- **Data excerpt**:
************

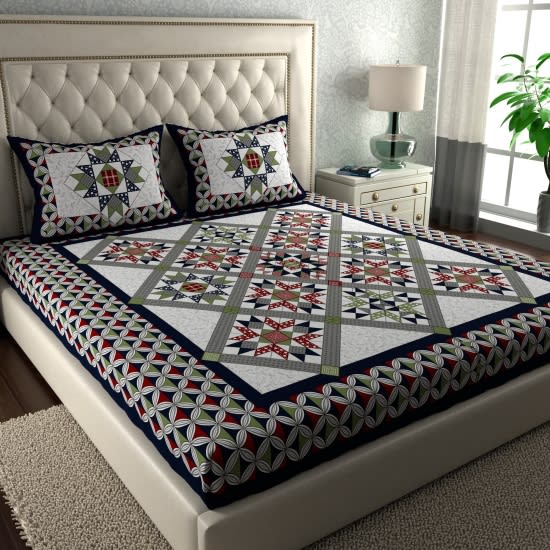 Rajasthani Jaipuri Traditional Double Bed Bedsheet with 2 Pillow Covers - ( Blue)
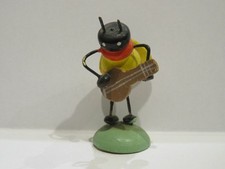vecchia statuetta di APE o VESPA con CHITARRA in legno dipinta a mano miniatura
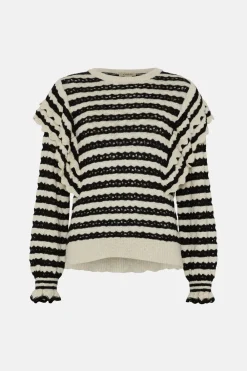 Clearance Oasis Stripe Ruffle Detail Jumper Mono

************

- **Work required**: Leaving the pictures out, copy exactly the lines from the line that contains "vecchia statuetta di" to the last line of the data, both ends included.

- **Solution below**:
vecchia statuetta di APE o VESPA con CHITARRA in legno dipinta a mano miniatura
 Clearance Oasis Stripe Ruffle Detail Jumper Mono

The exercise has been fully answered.